Both protagonists, Harry Potter and Mash Burnedead, enroll in a magic school where they must deal with being outsiders while also being under the benevolent watch of the school’s wise, old leader. However, whereas Harry Potter at the start is simply inexperienced with wizardry but has potential for greatness, Mash is completely incapable of magic. In order to get through his classes and achieve his goal of becoming Divine Visionary (a motivation from the beginning unlike Harry’s initial uncertainty), Mash has to overcome his disadvantage through sheer physical power.
The contest between Mash’s muscles and the occult abilities he contends with is generally played for laughs, but there’s another layer to that contrast. Sure, it’s funny to see his “magic” be activating different muscle groups and his “spells” amount to suplexes and punches to the face. Yet, because he is doing this purely through his human physiology, his victories over other students both read differently from Harry’s accomplishments and are received differently by the very mages he bests. By beating them without magic, Mash makes his opponents realize on some level that they are themselves victims—because they get drawn into the incessant and blinding obsession with hierarchy and power. The problem is not exclusive to any specific group of rogue ne’er-do-wells, it’s systemic.
Mash himself is not a sharp mind capable of bold leadership.

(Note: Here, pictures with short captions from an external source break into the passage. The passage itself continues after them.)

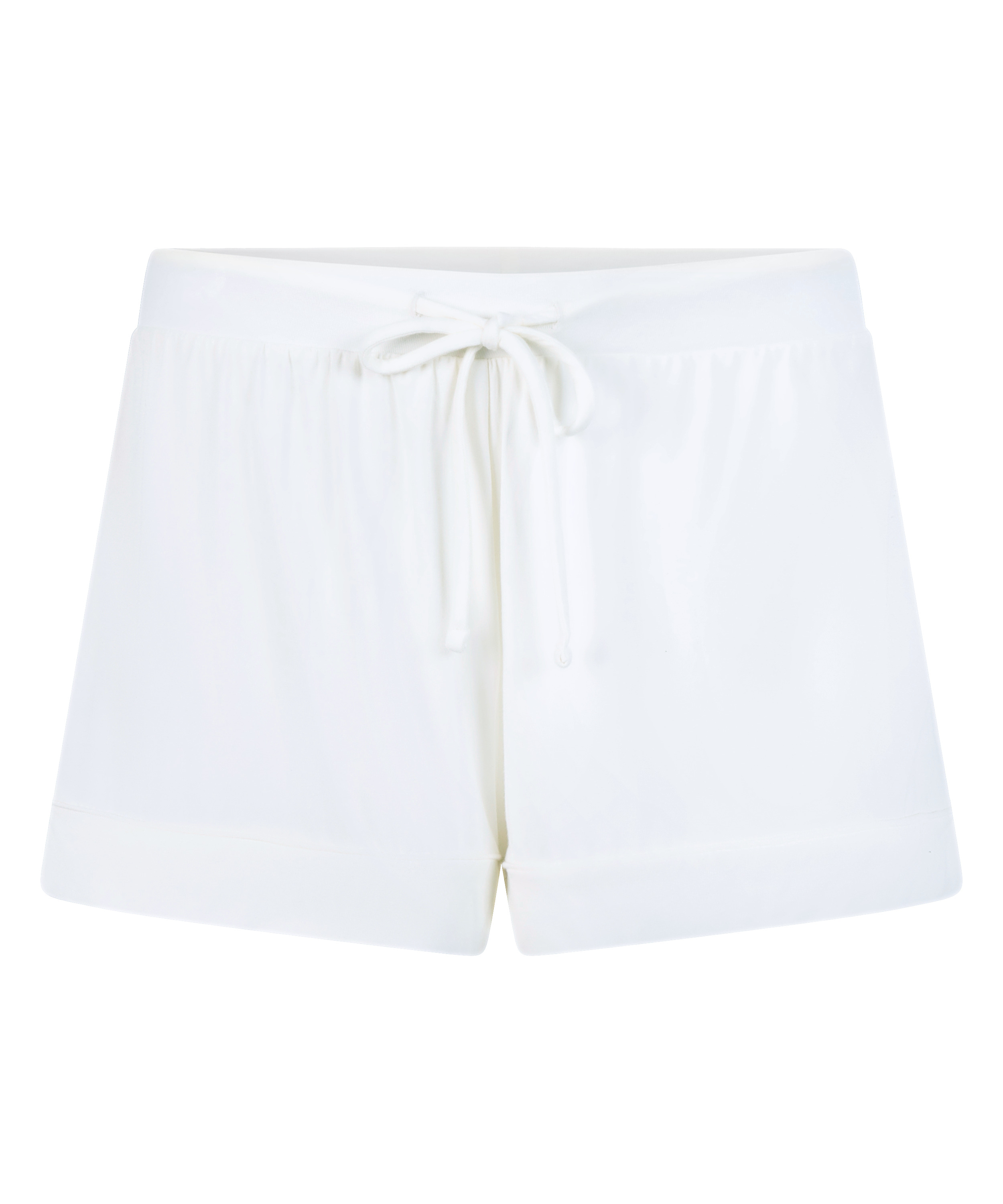 Pyjama Short Jersey Essential, White, main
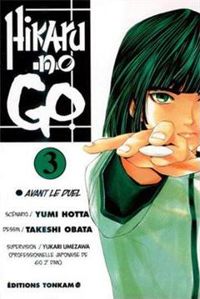 Yumi Hotta - Takeski Obata - Hikaru No Go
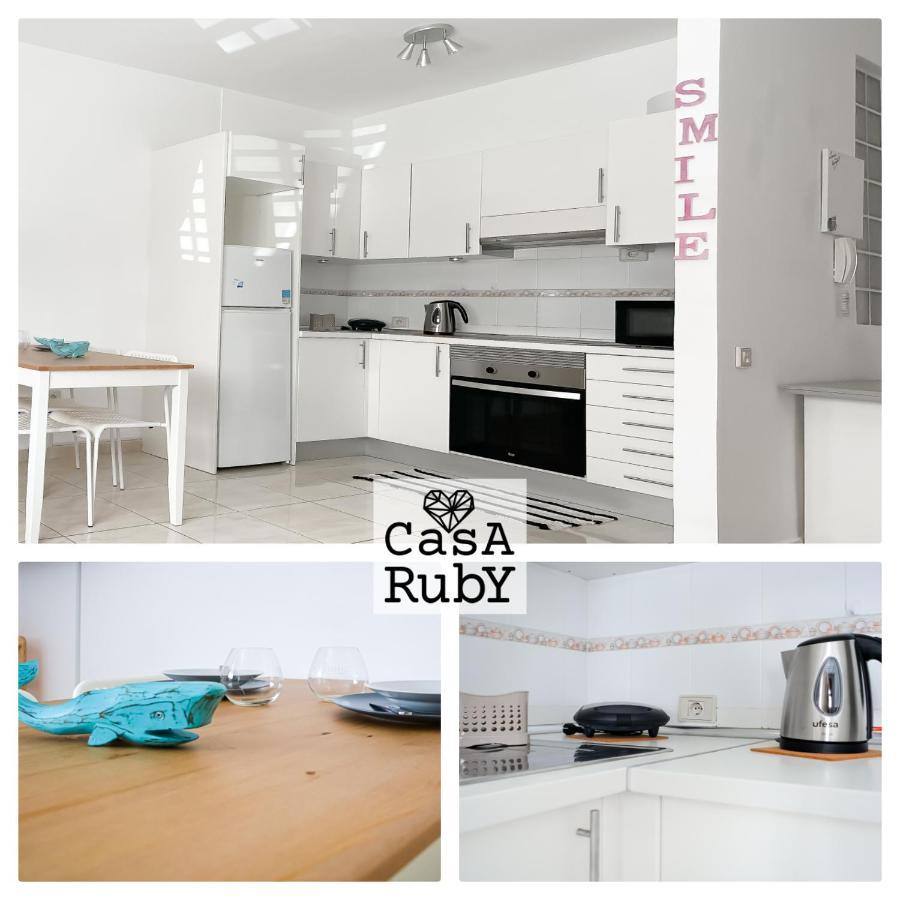 Apartamento Ruby Harbour House Corralejo Exterior foto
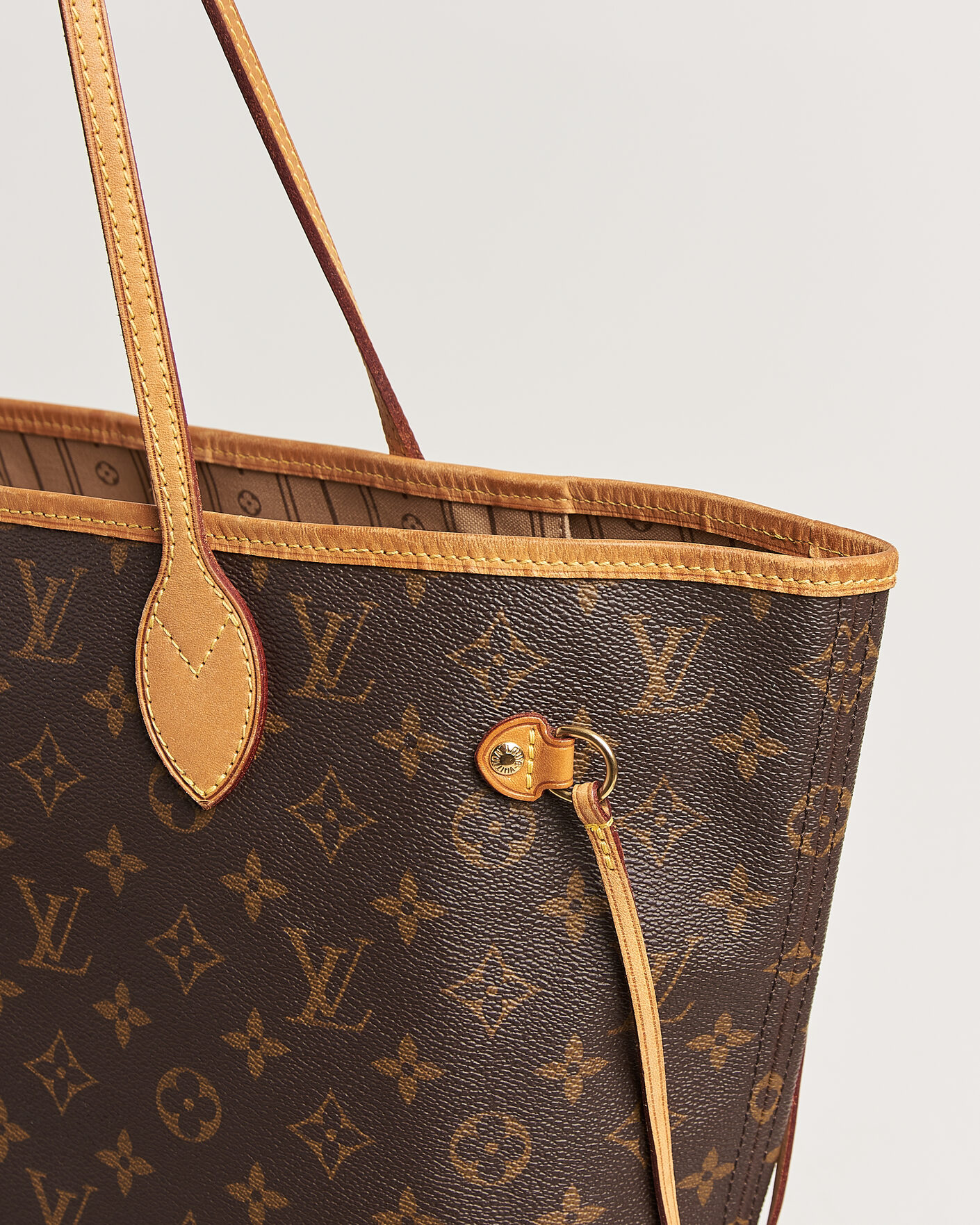 Men | Pre-Owned & Vintage Bags | Louis Vuitton Pre-Owned | Neverfull MM  Monogram
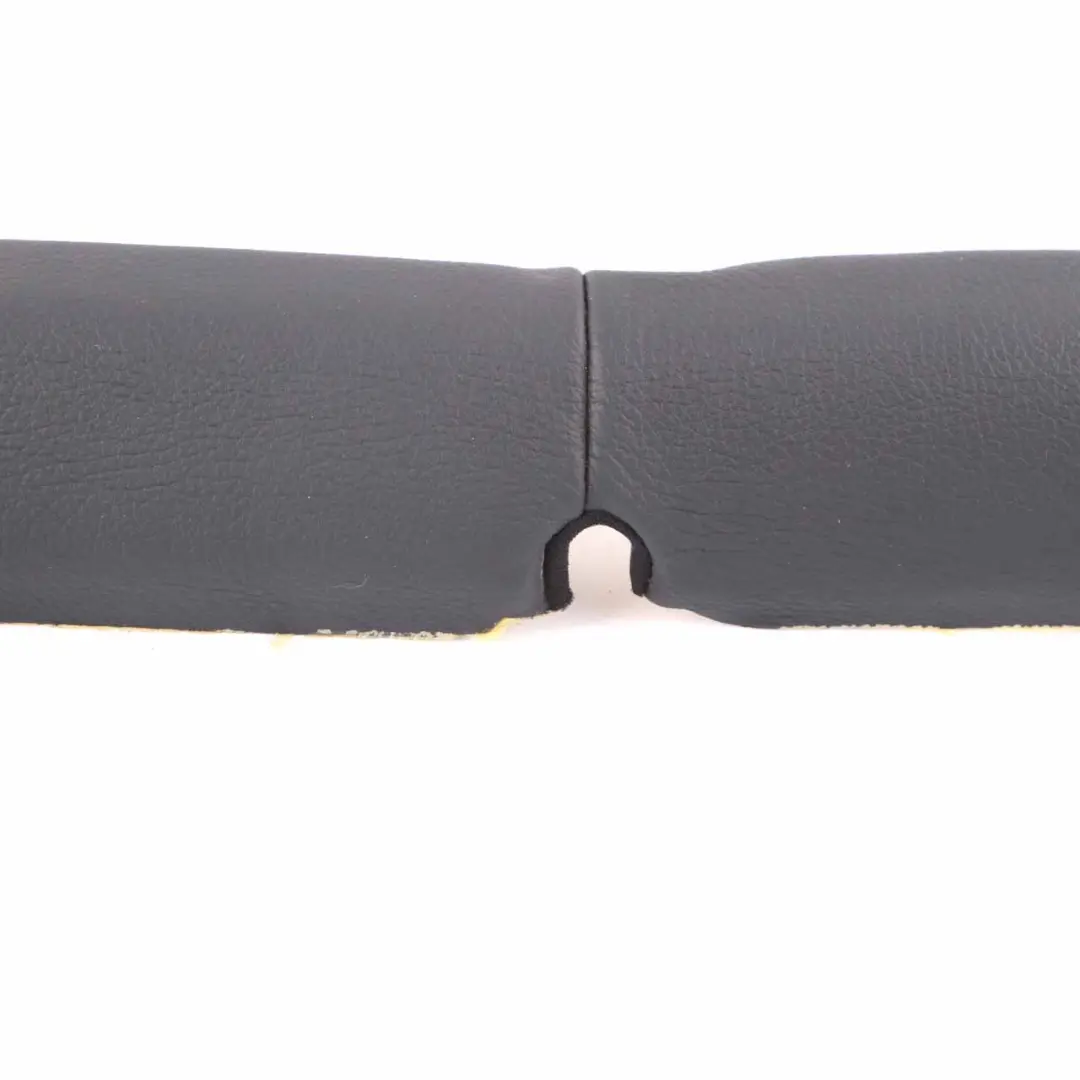 Mercedes W204 Saloon Siège arrière Banquette Recouvrement Canapé Cuir Noir - SKU A2049200208 - Numéro de pièce A2049200208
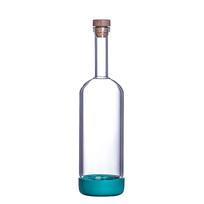 Inmeet Kūrybinis Burbulinis vyno Butelis/Baro Sulčių Butelis/Kokteilių Butelis/Aliejaus Butelis Su skale Baro Reikmenys 800ML 1 VNT 5 žalia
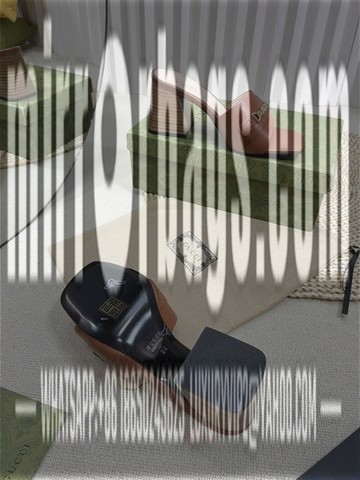 Gucci Shoes sz35-42 8cm mnh0516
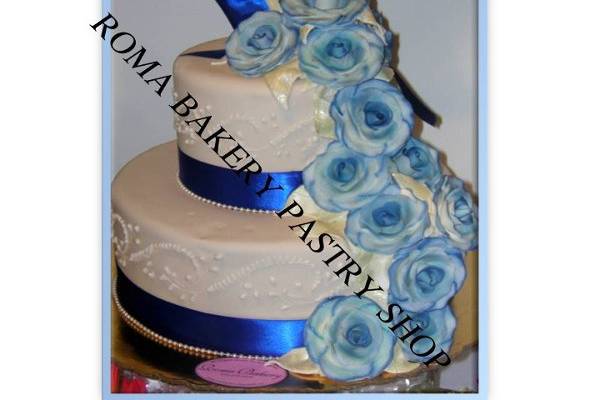 Roma Bakery Pastry Shop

He’s from that Goku/Luffy/Saitama lineage where thinking is not their strong suit. He merely wants to live a comfortable life with his grandfather, but he’s forced to attempt the impossible and become the top of a magical school because his world despises the weak. Mash defies his society in multiple ways: upending what strength means, as well as rejecting the notion that those with less deserve less.
Around Chapter 65, the “Voldemort” of the series is revealed, as are Mash’s true origins. While not quite the same as the concept of horcruxes relative to Harry and Voldemort, Mash and the main villain share a similar connection. Mash turns out not to be the everyman he assumed himself to be, but that doesn’t change the fact that he uses his particular skills to upend people’s preconceived notions. The difference between Harry discovering the magic within and Mash working to overcome the magic he lacks remains stark.
That all said, it’s hard to think of Mashle as being in the same league as Harry Potter when it comes to the ability to capture people’s imaginations. It simply doesn’t have that sense of wonder that makes Harry Potter so enduring; instead, it goes for lots of comedy, absurdity, and the occasional cool fight. Spiritually, it’s cut from the same cloth as Kinnikuman and early Dragon Ball, during the kid Goku era. I have trouble seeing children running around pretending to be Mash because Mashle doesn’t really provide for that.
Mashle and Harry Potter both operate under the idea that the power of love is in a category of its own. But where Harry Potter’s is either abstract in its sentimentality or all too literal, Mashle’s manifests in a grandfather taught the value of human life, and a grandson who strives to live up to that ideal through both word and deed.